What you need to do: Give all of the data below again exactly, and drop the images.

Data excerpt:

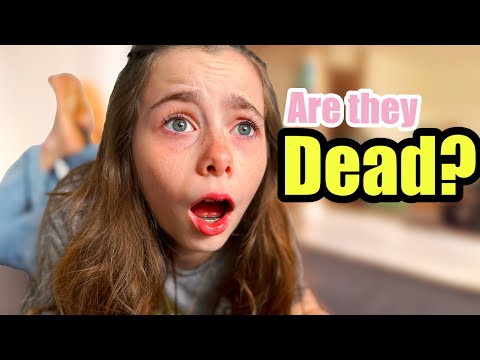 Did My Parents Actually DIE?!😰 Part 4: HUGE UPDATE!💔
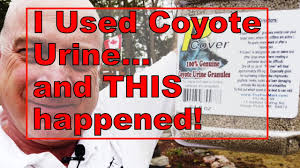 In fact, many gardeners say urine and hair are the only deterrents that work. I Used Coyote Urine On My Hosta Garden And This Happened Youtube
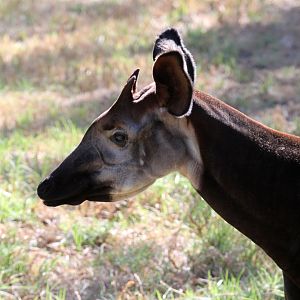 okapi (Okapia johnstoni)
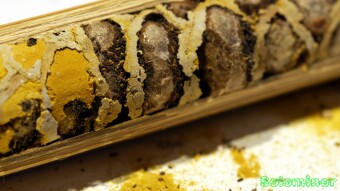 Mason Bee homes in more detail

The answer:
 Did My Parents Actually DIE?!😰 Part 4: HUGE UPDATE!💔
 In fact, many gardeners say urine and hair are the only deterrents that work. I Used Coyote Urine On My Hosta Garden And This Happened Youtube
 okapi (Okapia johnstoni)
 Mason Bee homes in more detail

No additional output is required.